Estrutura de malhas espaciais

A Arena Pernambuco combina dois sistemas de fechamento. Na cobertura, uma surpreendente estrutura de aço espacial atirantada. Na fachada, um manto composto por um sistema de almofadas pneumáticas, fabricado com filme de ETFE.

A cobertura da arena tem 22 mil m² em que a estrutura de aço espacial fica envolvida por uma manta termoplástica de poliolefina (TPO).

Com capacidade para 46 mil torcedores, a Arena Pernambuco, em São Lourenço da Mata, Região Metropolitana do Recife (PE), se tornou uma âncora para a implantação da futura Cidade da Copa, legado para a região que também deverá contar com um campus universitário, parques e empreendimentos, tais como shoppings, hotéis, escritórios e residências.

Mas, por enquanto, é o estádio o protagonista, principalmente pelo surpreendente sistema de cobertura e fachada.
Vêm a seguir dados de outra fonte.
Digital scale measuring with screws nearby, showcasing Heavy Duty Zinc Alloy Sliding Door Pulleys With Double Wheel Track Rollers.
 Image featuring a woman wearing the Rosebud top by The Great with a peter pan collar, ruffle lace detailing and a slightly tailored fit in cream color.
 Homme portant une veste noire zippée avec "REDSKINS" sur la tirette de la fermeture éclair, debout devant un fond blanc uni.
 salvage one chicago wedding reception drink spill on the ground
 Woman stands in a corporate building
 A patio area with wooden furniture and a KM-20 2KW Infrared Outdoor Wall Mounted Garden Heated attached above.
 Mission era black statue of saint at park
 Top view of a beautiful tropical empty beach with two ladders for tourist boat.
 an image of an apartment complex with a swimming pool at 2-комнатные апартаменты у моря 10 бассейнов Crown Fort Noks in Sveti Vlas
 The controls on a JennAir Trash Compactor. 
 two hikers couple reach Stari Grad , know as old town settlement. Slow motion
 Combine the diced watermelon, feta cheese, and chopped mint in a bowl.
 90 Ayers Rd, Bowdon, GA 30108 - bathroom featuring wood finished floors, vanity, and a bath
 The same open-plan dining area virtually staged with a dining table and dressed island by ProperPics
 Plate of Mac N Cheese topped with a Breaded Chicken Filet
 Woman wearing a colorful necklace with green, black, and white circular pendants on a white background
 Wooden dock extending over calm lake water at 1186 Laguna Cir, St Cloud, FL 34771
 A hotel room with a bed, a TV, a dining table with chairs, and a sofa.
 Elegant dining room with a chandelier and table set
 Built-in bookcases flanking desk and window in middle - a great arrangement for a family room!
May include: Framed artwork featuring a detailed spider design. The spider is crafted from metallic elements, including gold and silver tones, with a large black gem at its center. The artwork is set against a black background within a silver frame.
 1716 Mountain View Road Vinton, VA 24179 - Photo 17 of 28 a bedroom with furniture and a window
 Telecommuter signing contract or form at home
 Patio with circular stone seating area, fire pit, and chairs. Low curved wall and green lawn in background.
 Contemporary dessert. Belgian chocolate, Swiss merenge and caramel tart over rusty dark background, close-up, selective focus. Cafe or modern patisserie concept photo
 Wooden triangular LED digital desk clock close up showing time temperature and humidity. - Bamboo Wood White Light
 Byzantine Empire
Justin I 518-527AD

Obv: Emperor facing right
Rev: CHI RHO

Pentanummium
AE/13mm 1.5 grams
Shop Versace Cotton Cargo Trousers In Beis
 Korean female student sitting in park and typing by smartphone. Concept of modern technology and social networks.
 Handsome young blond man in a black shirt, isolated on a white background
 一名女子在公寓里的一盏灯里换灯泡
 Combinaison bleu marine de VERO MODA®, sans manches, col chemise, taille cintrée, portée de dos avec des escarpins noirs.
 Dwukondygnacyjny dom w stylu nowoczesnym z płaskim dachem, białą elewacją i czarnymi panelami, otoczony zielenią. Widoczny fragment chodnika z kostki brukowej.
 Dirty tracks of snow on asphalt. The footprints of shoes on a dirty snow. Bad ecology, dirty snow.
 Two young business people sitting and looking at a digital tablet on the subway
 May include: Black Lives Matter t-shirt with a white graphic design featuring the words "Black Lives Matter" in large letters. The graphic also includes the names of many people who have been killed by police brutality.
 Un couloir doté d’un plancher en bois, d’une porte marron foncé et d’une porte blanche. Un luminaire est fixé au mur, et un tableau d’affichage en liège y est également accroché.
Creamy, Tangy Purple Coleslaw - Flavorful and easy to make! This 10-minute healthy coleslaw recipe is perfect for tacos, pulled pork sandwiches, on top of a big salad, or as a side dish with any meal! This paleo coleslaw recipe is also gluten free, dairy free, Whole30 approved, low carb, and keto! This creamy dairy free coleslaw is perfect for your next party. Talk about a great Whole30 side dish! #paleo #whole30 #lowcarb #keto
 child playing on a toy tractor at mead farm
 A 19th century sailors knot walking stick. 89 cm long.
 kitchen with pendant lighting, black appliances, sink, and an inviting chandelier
Um sistema de estrutura espacial de aço dá suporte tanto à cobertura como ao revestimento da fachada, feito com camadas de filme de etileno tetrafluoretileno (ETFE) compostas por almofadas infladas com ar a baixa pressão. A cobertura e a fachada, portanto, são sistemas diferentes e independentes, ancorados na estrutura de concreto do estádio.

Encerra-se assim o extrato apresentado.